Lately, I've been feeling lost—to say the least. My old identity as student and writing tutor has been traded in for wandering foreigner, leaving me confused about my niche in the world. To add to my disorientation, for the first time since I can remember, my success is not measured in grades. I have no A's to assure me that I am doing good work. Here, success is much more difficult to gauge. When my envisioned lesson plan leaves me reaching for the ejection seat, I often feel personally responsible, like I've really failed my students. Sure, I've only been a teacher for a short time, but I take such pride in my work that I am constantly evaluating my lessons. In Cambodia, my identity is based on my work at CWF, and I take that commitment very seriously—As always, I want to do my best work.
This morning, I know I was successful. Not even the ominous lower abdominal rumblings could stop me (though for just a moment, I was very concerned). My lesson on peer review with the Advanced Discussion went like a dream. As an English teacher, I was pleased that my students were communicating with the vocabulary I had presented. As a writer, however, I was thrilled to share my enthusiasm for this aspect of the writing process.

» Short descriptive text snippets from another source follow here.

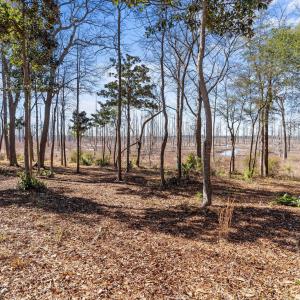 Photo #5 of 1405 Ness, Castle Hayne, NC 0.5 acres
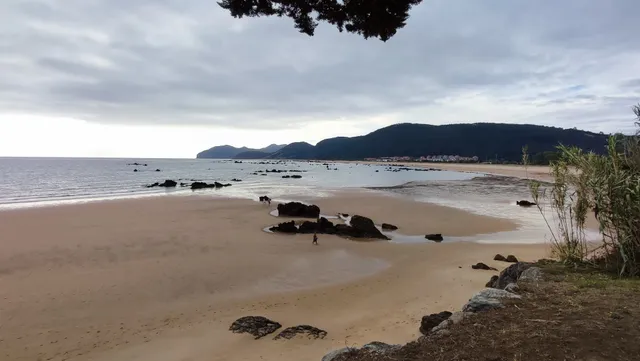 Apartamentos Turísticos Salceda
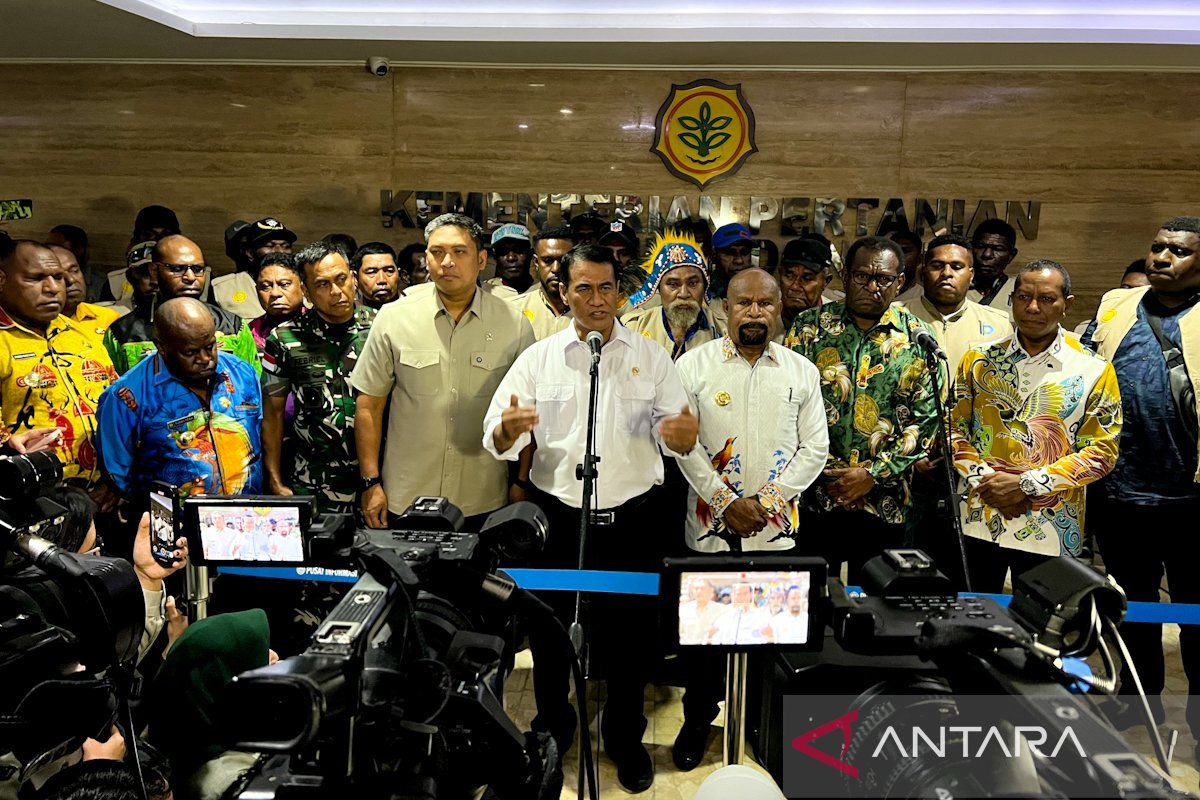 Govt allocates US$294.1 million to develop modern agriculture in Papua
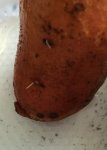 süsskartoffeln 2.jpg
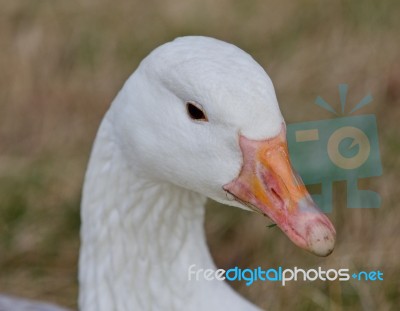 Beautiful Isolated Photo With A Strong Snow Goose On The Grass Field Stock Photo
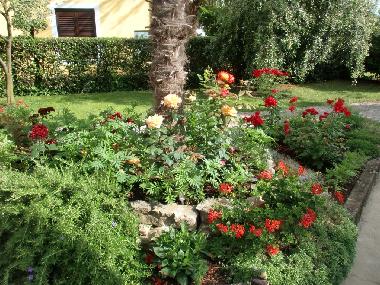 Ferienwohnung in Umag (Istarska) oder Ferienwohnung oder Ferienhaus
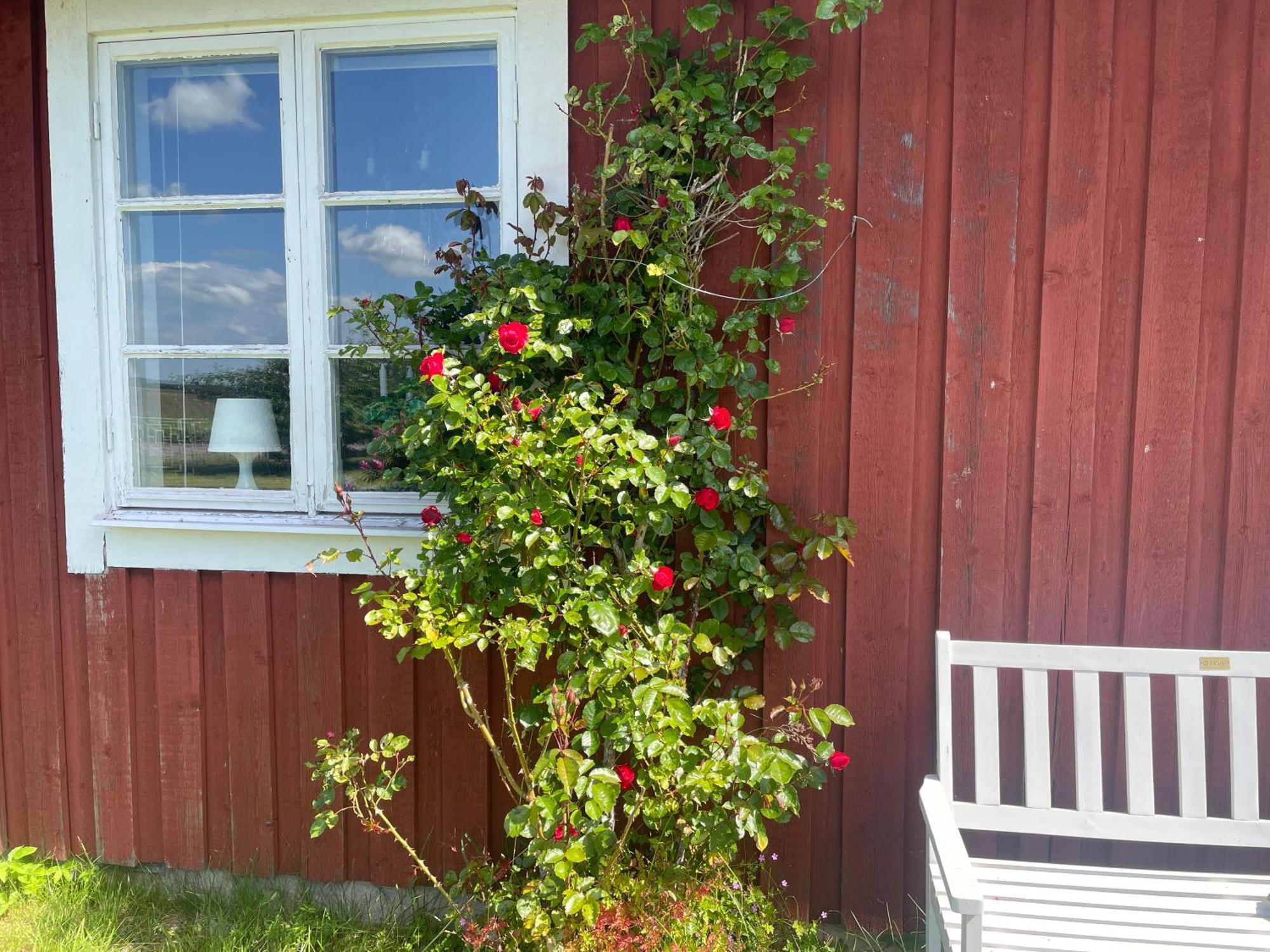 Kapelludden Oestra Oeland Villa Köpingsvik Buitenkant foto
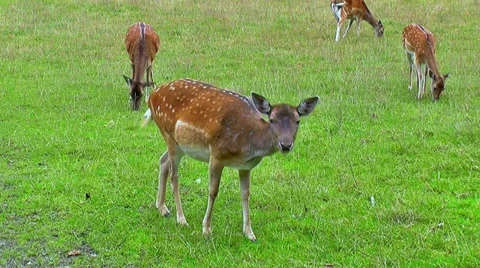Fallow Deer On Meadow Stock Footage 35000173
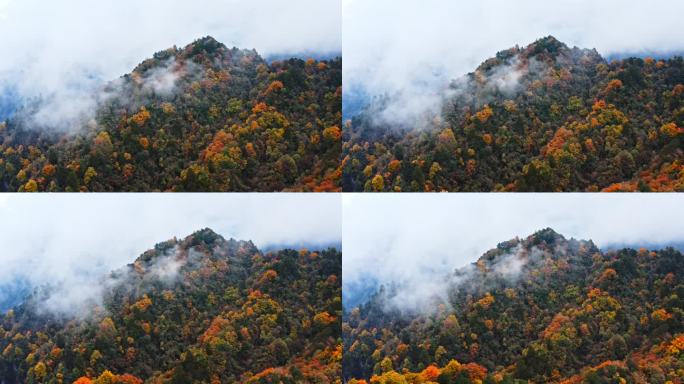 四川巴中光雾山云飞岭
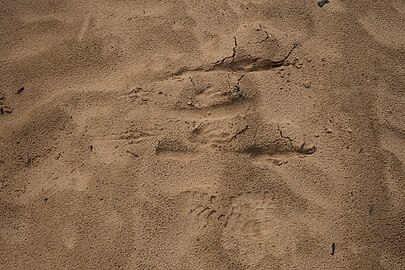 tracks at Wyperfeld National Park in Victoria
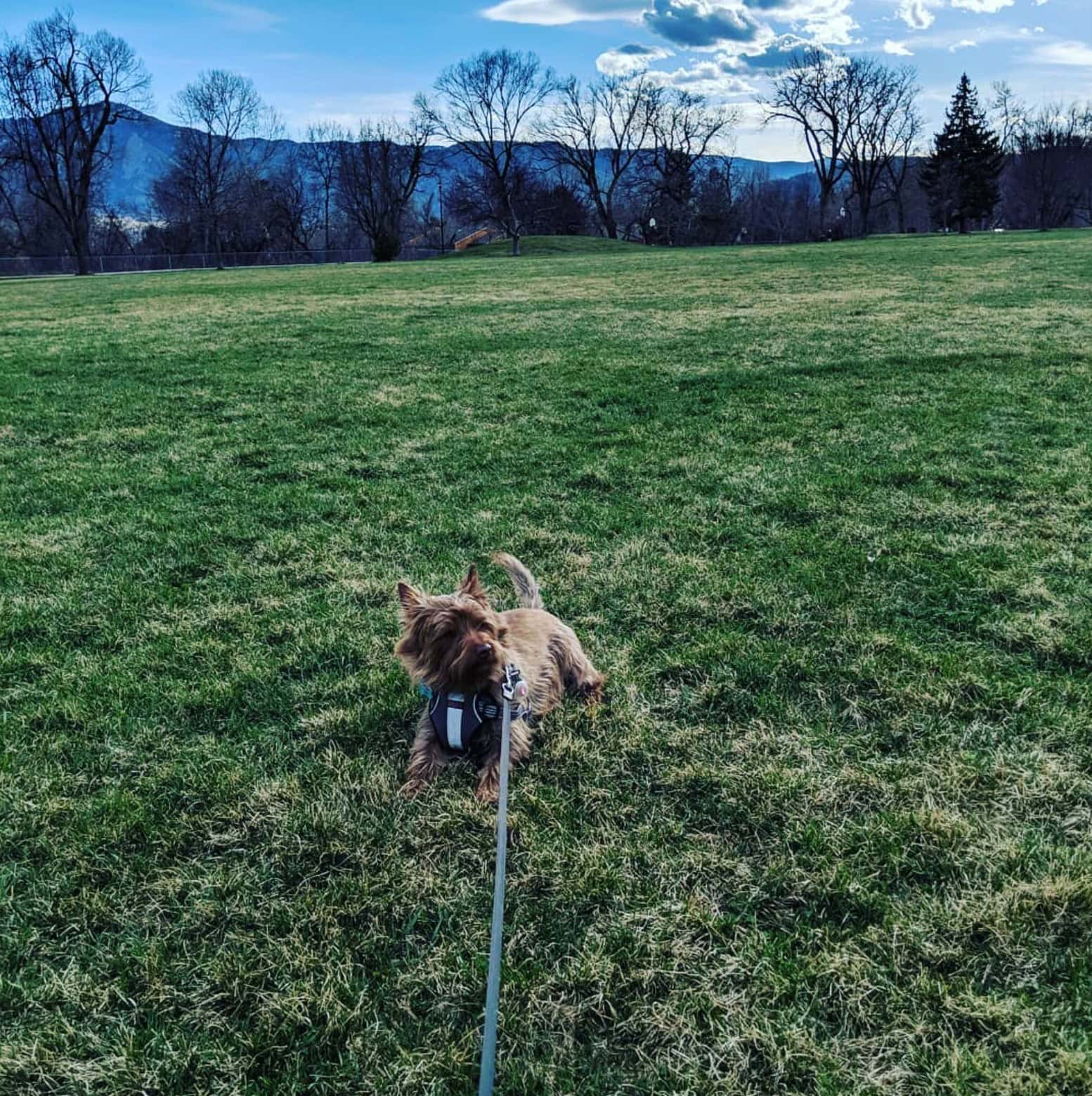 howard heuston dog park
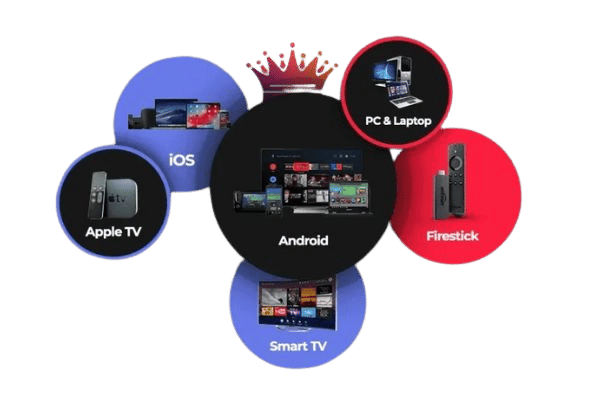 Premium Features of Procode TV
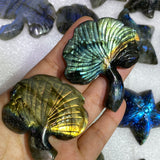 Labradorite leaf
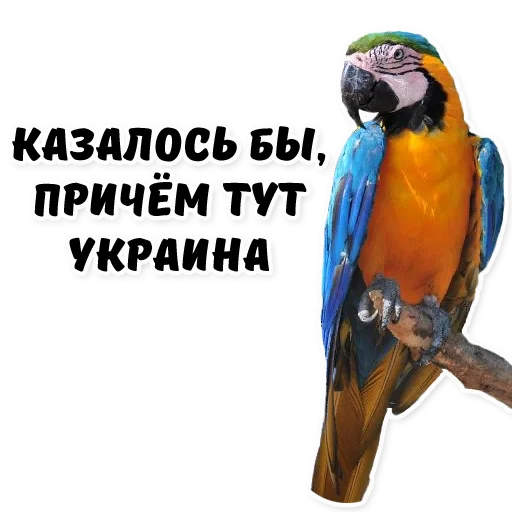 животное птица клюв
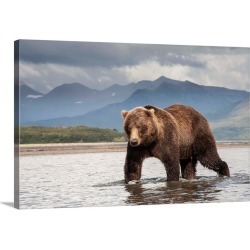 Large Gallery-Wrapped Canvas Wall Art Print 30 x 20 entitled Grizzly Bear in river, Katmai National Park, Alaska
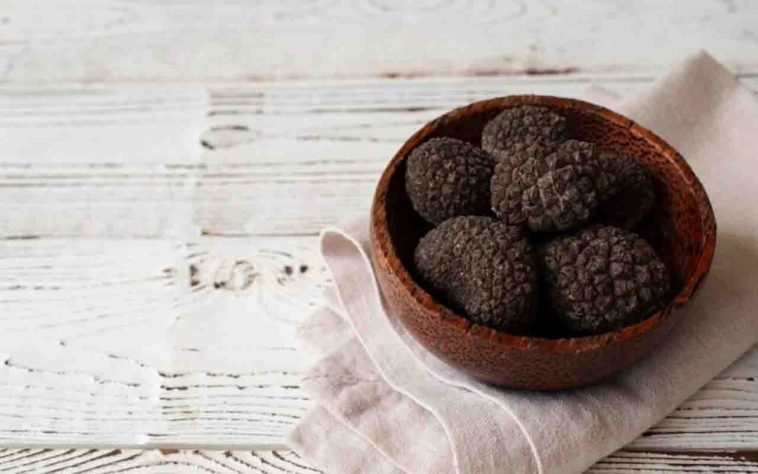 Trufas negras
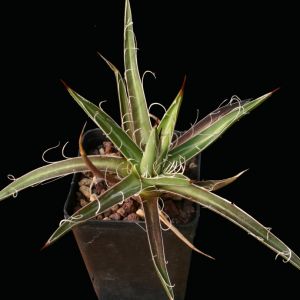 Agave leopoldi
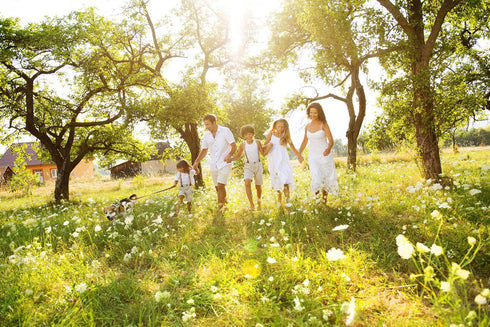 Yogurt Starter Cultures - Pack of 5 Freeze-dried Culture Sachets for Authentic Bulgarian Yogurt...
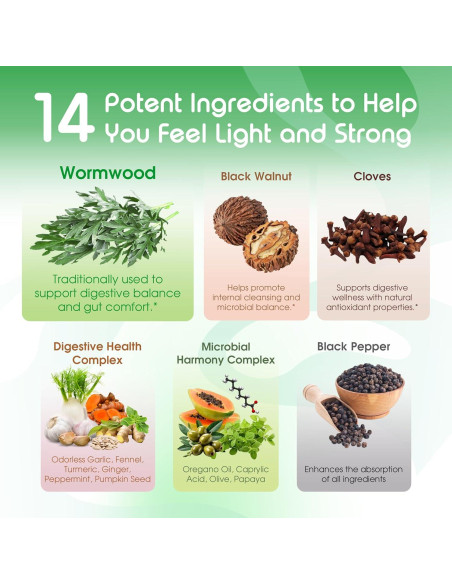 Cápsulas Digestivas Vital Herbal Ajenjo 150 Unidades - Salud Digestiva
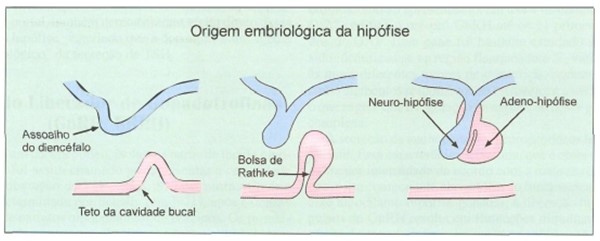 Origem embrionária da hipófise.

In this identity crisis, I am able to see what I really love doing. Whether as a teacher or student, I am fascinated by the writing process, the language acquisition process, and that moment when a new concept makes sense. Painful as it may be sometimes, realizing stuff like this is exactly what I wanted out of Cambodia (good thing because there are no refunds on journeys to find yourself). I can't wait to see what else Cambodia has in store for me!